Con queste parole il professor Gabrio Forti, direttore dell’Alta Scuola sulla Giustizia penale "Federico Stella" dell'Università Cattolica, descrive il legame, solo apparentemente distante, tra i temi del diritto e il filo conduttore della prima edizione del Soul Festival, la meraviglia. Quello dell'ascolto e dell'incontro anche quando apparentemente sono inconciliabili se non addirittura impossibili. È stato questo il tema, domenica 17 marzo, di "Riparare il dolore: l'altro come scoperta" l’evento in cui Agnese Moro e Grazia Grena hanno raccontato la loro esperienza all'interno di un percorso di giustizia riparativa.

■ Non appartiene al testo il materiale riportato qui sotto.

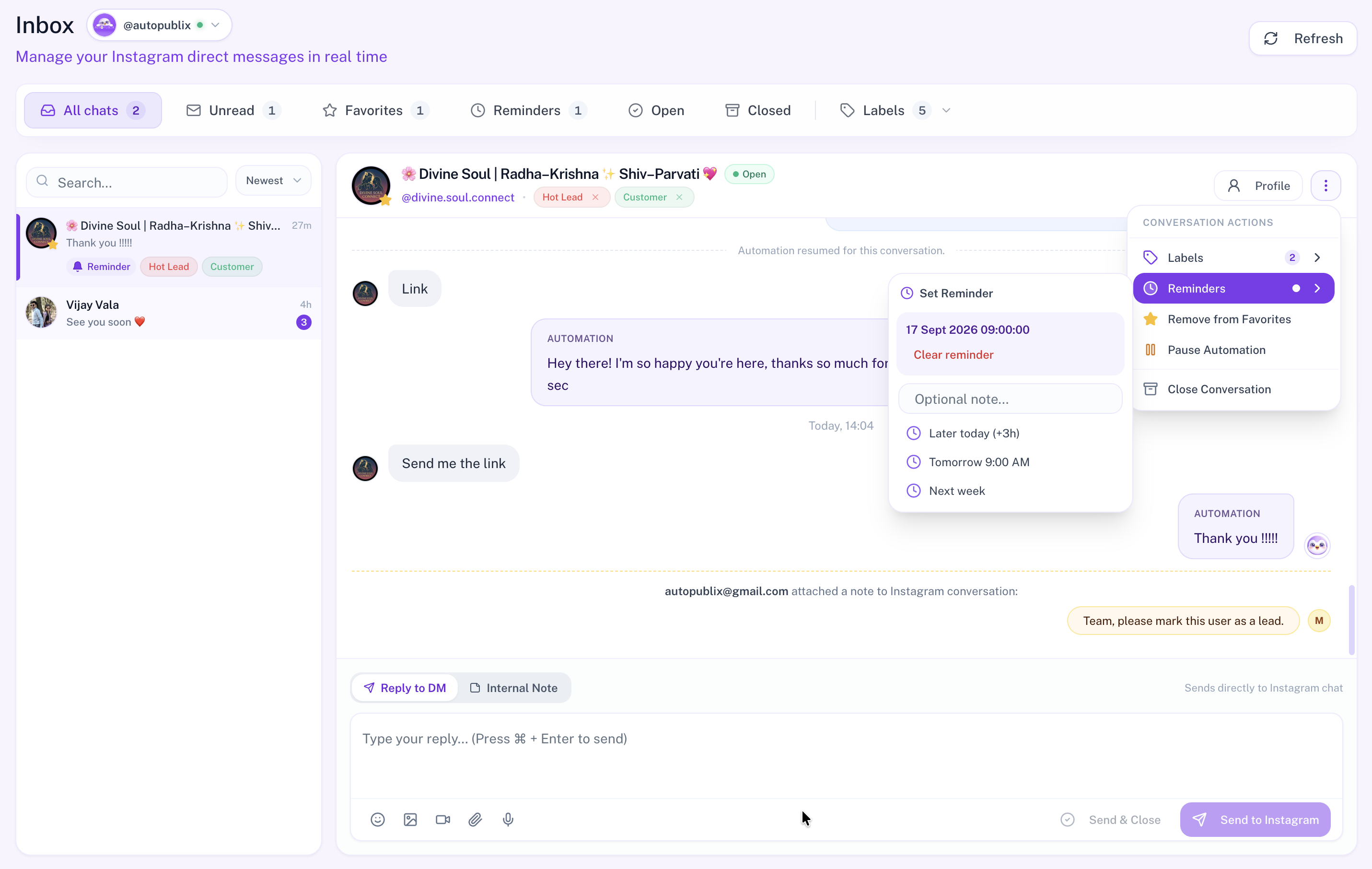 Conversation Actions menu with Reminders panel, Clear Reminder, and preset times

«Un cammino - ha spiegato la figlia del politico ucciso dalle Brigate Rosse nel 1978 - che si contraddistingue da due elementi: lontananza e sorpresa. La prima è abbastanza ovvia, c'è chi le ha prese e chi le ha date. La sorpresa, però, è che al di là della distanza c'è qualcosa in cui entrambe le parti sono uguali, al netto delle diversità, che restano. Ed è l'incontro con l’irreparabile, qualcosa che non può essere sanato né dalla giustizia classica né da quella riparativa. Vale per entrambe le parti, chi ha subito il male e chi lo ha provocato. E resta. Mio padre è stato assassinato e questo non cambierà. Quello su cui puoi lavorare sono le scorie provocate dall’irreparabile. La giustizia classica neanche le sfiora, quella riparativa, invece, può intervenire».
«In questi anni - ha aggiunto Agnese Moro - mi sono dovuto confrontare con tre momenti. Il primo è l'immobilità. Un qualcosa che resta bloccato nella tua vita. Puoi andare avanti, fare le tue scelte, ma le maschere che sei costretto a portare ti obbligano a essere la vittima, che piange, che deve odiare. Il secondo è il silenzio perché trovare le parole per raccontare agli altri significa colpire in qualche modo chi ti è vicino e cerchi di proteggere. E allora resti zitta. L'ultimo è l'ingombro. Quando ci hanno restituito i vestiti di mio padre, erano insanguinati. Un sangue che invade anche tutto il passato del ‘prima’, i momenti belli trascorsi insieme. La ragazza di 25 anni che ero non potrà mai essere recuperata. È un peso che ti toglie il respiro. L’unica soluzione può essere l’incontro. È una sofferenza, certo. Ma se ti parlo, se ti rimprovero, sei una cosa viva, non sei più un fantasma. E allora riesci a guardare a oggi e, magari, anche al domani».